Grande sviluppo ebbe in Occidente, a cavallo fra il IV e V secolo, il pensiero teologico e filosofico dei padri della chiesa di lingua latina su cui primeggiano tre grandi personalità: Ambrogio da Milano (morto nel 397), Sofronio Eusebio Girolamo (347-420) e Agostino d'Ippona (354-430).
Il primo, di Treviri, diede uno straordinario impulso al progressivo affrancamento della Chiesa di Roma dal potere imperiale, grazie anche al rapporto privilegiato che intrattenne con Teodosio I e, alla morte di questi con il reggente Stilicone. La sua produzione è molto vasta e comprende scritti di carattere esegetico, ascetico e dogmatico, oltre a numerosi discorsi, epistole ed inni. Egli fu infatti il fondatore della innografia in lingua latina di contenuto religioso.

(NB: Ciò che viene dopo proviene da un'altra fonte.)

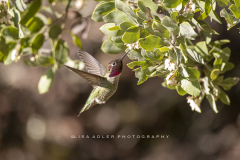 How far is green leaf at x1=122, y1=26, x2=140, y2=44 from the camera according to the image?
2.08ft

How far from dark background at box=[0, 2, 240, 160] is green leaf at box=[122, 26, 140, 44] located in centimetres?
162

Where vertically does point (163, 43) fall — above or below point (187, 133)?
above

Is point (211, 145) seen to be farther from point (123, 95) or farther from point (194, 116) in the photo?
point (123, 95)

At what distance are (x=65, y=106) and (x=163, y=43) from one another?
230 cm

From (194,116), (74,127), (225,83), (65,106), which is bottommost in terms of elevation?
(74,127)

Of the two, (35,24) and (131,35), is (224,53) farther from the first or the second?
(35,24)

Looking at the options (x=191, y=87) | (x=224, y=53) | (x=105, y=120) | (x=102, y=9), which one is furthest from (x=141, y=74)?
(x=105, y=120)

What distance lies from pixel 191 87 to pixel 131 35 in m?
0.27

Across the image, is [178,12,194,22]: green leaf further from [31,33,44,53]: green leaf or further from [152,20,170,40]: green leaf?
[31,33,44,53]: green leaf

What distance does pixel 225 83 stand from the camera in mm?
995

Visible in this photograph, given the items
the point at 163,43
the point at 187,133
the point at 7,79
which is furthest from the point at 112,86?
Result: the point at 7,79

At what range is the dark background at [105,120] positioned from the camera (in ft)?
7.25

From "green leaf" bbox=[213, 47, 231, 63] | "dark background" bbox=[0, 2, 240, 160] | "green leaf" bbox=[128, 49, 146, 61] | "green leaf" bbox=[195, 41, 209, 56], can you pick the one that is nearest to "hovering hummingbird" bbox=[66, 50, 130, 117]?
"green leaf" bbox=[128, 49, 146, 61]

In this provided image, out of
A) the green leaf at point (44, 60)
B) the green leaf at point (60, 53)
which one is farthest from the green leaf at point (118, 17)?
the green leaf at point (44, 60) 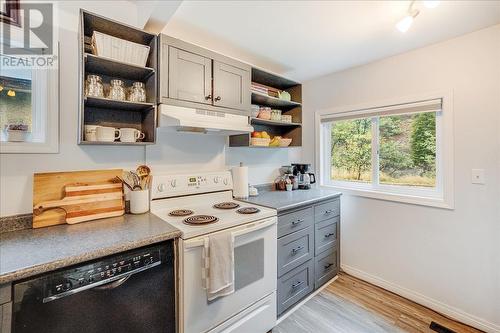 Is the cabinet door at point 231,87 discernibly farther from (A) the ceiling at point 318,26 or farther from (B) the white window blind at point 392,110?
(B) the white window blind at point 392,110

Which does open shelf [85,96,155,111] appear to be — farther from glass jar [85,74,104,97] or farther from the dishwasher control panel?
the dishwasher control panel

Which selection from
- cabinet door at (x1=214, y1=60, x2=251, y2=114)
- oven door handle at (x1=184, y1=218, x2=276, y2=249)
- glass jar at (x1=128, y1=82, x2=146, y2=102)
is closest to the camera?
oven door handle at (x1=184, y1=218, x2=276, y2=249)

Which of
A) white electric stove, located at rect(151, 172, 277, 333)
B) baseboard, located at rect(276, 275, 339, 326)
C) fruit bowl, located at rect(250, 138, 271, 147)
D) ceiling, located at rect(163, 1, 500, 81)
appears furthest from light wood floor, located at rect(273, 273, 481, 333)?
ceiling, located at rect(163, 1, 500, 81)

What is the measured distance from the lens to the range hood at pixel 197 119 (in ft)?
4.84

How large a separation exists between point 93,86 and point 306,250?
204 cm

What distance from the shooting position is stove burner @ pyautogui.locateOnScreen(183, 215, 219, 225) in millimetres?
1421

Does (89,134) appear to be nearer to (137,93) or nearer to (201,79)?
(137,93)

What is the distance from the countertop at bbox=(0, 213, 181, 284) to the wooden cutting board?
56 mm

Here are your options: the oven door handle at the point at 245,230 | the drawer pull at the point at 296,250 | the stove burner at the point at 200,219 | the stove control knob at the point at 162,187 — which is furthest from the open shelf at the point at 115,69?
the drawer pull at the point at 296,250

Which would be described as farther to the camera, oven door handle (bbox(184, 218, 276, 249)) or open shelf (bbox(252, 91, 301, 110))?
open shelf (bbox(252, 91, 301, 110))

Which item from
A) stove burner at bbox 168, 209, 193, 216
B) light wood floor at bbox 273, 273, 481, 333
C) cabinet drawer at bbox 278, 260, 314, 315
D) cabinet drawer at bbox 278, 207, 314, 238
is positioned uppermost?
A: stove burner at bbox 168, 209, 193, 216

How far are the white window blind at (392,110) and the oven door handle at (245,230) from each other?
1565 millimetres

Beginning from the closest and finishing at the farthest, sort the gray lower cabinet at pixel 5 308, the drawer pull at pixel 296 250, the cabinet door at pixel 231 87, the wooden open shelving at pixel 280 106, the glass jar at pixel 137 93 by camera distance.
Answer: the gray lower cabinet at pixel 5 308
the glass jar at pixel 137 93
the cabinet door at pixel 231 87
the drawer pull at pixel 296 250
the wooden open shelving at pixel 280 106

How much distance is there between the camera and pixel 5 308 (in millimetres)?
825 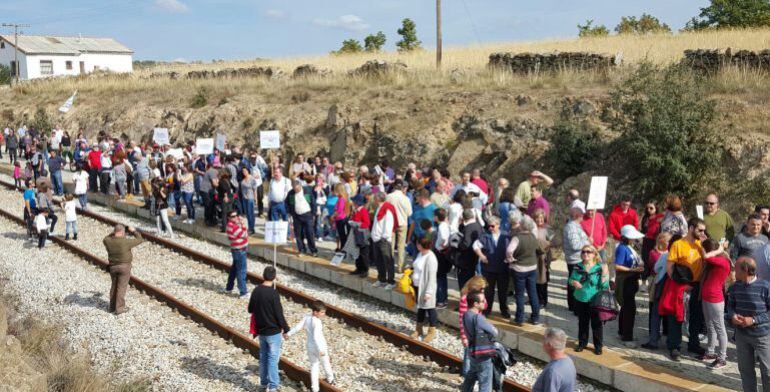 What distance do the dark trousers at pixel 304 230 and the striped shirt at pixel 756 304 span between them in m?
9.08

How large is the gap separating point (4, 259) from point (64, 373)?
8224 millimetres

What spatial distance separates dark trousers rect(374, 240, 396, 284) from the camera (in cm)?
1211

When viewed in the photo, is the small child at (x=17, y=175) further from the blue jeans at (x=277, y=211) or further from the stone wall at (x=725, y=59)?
the stone wall at (x=725, y=59)

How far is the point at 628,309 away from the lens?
379 inches

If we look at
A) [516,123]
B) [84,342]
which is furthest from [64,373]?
[516,123]

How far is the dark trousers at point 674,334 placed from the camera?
29.4 feet

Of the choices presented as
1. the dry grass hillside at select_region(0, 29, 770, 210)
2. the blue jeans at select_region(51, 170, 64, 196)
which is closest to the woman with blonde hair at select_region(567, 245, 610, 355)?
the dry grass hillside at select_region(0, 29, 770, 210)

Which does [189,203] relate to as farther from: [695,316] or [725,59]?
[725,59]

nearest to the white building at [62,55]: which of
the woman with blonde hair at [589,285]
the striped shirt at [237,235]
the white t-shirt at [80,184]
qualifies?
the white t-shirt at [80,184]

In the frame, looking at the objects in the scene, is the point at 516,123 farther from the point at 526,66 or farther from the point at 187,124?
the point at 187,124

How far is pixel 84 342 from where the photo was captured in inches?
428

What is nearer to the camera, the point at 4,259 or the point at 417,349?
the point at 417,349

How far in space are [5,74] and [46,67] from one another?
4.32 meters

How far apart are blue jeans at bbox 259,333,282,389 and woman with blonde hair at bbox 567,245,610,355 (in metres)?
3.85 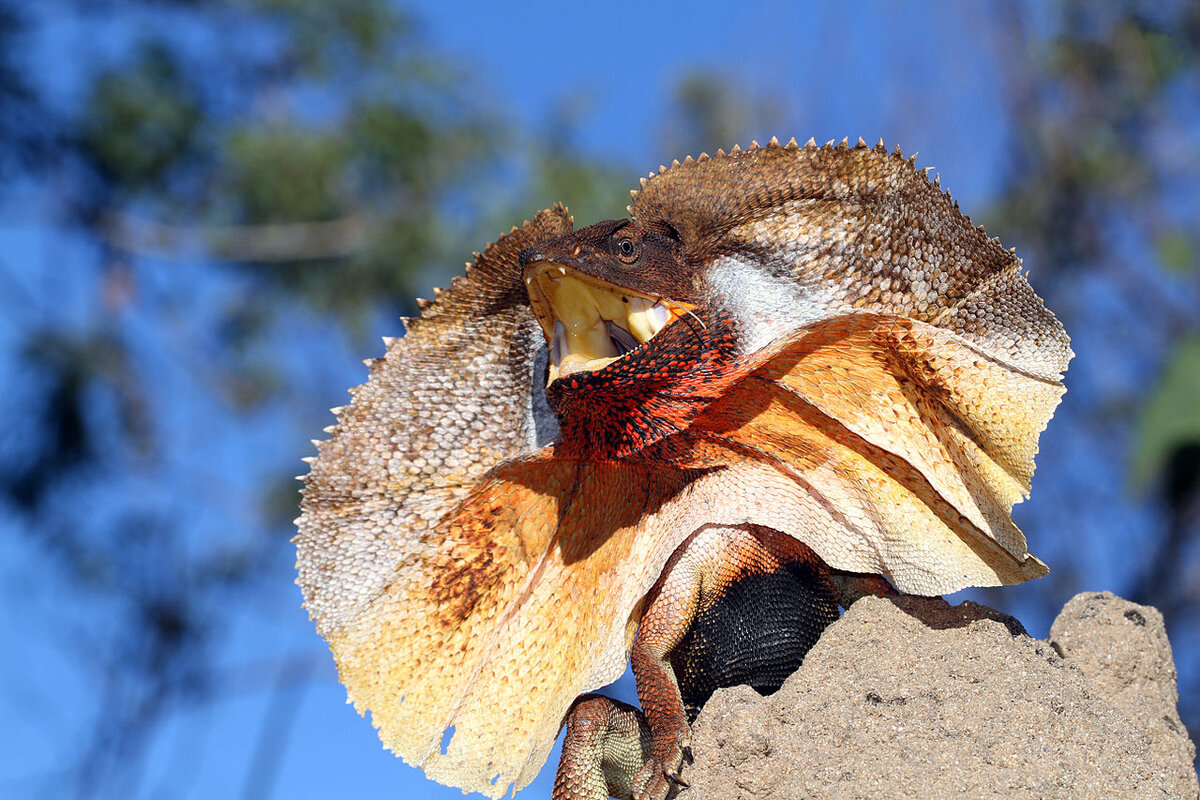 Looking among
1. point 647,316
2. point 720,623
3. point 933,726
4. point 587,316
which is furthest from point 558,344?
point 933,726

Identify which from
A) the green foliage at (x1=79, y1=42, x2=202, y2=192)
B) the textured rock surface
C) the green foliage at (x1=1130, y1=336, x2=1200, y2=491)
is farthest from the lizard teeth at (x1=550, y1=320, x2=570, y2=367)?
the green foliage at (x1=79, y1=42, x2=202, y2=192)

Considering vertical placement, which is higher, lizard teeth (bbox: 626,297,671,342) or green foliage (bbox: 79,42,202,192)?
green foliage (bbox: 79,42,202,192)

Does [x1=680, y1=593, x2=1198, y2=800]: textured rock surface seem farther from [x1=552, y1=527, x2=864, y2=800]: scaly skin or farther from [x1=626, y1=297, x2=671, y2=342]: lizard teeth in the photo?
[x1=626, y1=297, x2=671, y2=342]: lizard teeth

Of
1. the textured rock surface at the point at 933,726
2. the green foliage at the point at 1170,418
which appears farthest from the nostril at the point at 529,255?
the green foliage at the point at 1170,418

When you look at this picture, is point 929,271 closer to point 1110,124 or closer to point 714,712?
point 714,712

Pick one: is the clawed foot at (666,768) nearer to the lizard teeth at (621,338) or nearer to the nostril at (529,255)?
the lizard teeth at (621,338)

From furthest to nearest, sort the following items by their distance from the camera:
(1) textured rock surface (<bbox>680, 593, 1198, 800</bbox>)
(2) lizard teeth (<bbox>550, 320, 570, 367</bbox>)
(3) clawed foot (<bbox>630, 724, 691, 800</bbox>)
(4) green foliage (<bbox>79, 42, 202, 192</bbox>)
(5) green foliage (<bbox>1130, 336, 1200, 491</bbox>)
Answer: (4) green foliage (<bbox>79, 42, 202, 192</bbox>) → (5) green foliage (<bbox>1130, 336, 1200, 491</bbox>) → (2) lizard teeth (<bbox>550, 320, 570, 367</bbox>) → (3) clawed foot (<bbox>630, 724, 691, 800</bbox>) → (1) textured rock surface (<bbox>680, 593, 1198, 800</bbox>)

San Girolamo, originario di Stridone, città posta fra la Pannonia e la Dalmazia fu uno dei maggiori eruditi del suo tempo. Fu lui a tradurre il Vecchio Testamento dall'originale ebraico in latino. La sua traduzione, la celebre Vulgata, diffusissima durante tutta l'età medioevale, fu l'unica ad essere riconosciuta ufficialmente dalla Chiesa durante il Concilio di Trento (1545-1563).
Girolamo è anche ricordato per il De viris illustribus, raccolta di notizie, dati biografici, riflessioni sugli autori cristiani più significativi dei primi quattro secoli dell'era volgare. Nell'Occidente romano visse ed operò infine il filosofo e teologo che probabilmente influenzò maggiormente, insieme a Tommaso d'Aquino, la storia del Cristianesimo: Agostino di Ippona.
Nativo di Tagaste, in Numidia, Agostino soggiornò per alcuni anni prima a Roma, poi a Milano, dove ebbe modo di conoscere Ambrogio e ricevere dalle sue mani il battesimo (387). Tornato in Africa, fu ordinato sacerdote (391) e nominato successivamente Vescovo di Ippona. In questa città, assediata dalle orde vandale, Agostino si spense nel 430. Della sua enorme produzione vanno segnalate le Confessiones, capolavoro indiscusso di tutta la memorialistica in lingua latina (redatte nel 397 - 398) e la De Civitate Dei nata per difendere i cristiani dalle accuse rivolte ad essi di essere stati i responsabili del sacco di Roma del 410. L'opera si dilatò nel corso degli anni (413 - 427) fino ad includere i temi più svariati (filosofia, diritto, metafisica, ecc.) divenendo una vera e propria Summa Teologica del grande pensatore africano.
Profondamente influenzato da Agostino fu il sacerdote iberico Orosio (attivo fino al 420 circa), che gli fu anche amico oltre che compagno di fede. Orosio scrisse su invito di Agostino le Historiarum adversus paganos libri septem (418) lungo resoconto storico-teologico che da Adamo giunge fino all'anno 417 e che si impernia sul concetto di provvidenza, caro al vescovo di Ippona.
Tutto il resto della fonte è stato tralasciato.